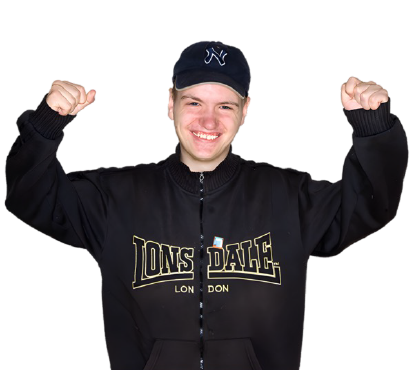 A happy boy showing his strength with both arms.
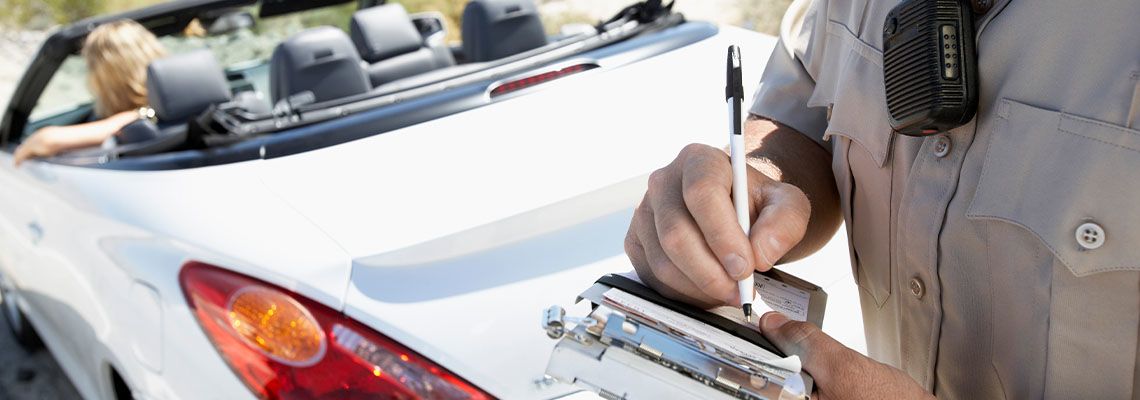 Closeup of a cropped police officer writing traffic ticket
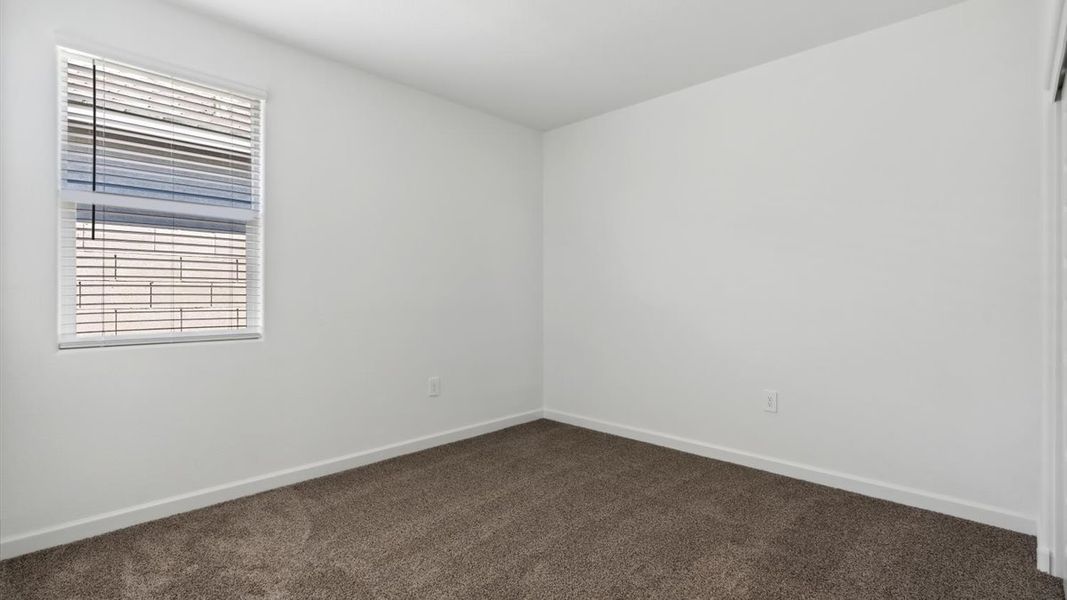 Spacious, unfurnished interior of a new home in Radiance at Superstition Vistas, Apache Junction (Image 20).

* **TASK**
Reproduce the data word for word; no pictures.

* **RESULT FOR THIS EXERCISE**
 A happy boy showing his strength with both arms.
 Closeup of a cropped police officer writing traffic ticket
 Spacious, unfurnished interior of a new home in Radiance at Superstition Vistas, Apache Junction (Image 20).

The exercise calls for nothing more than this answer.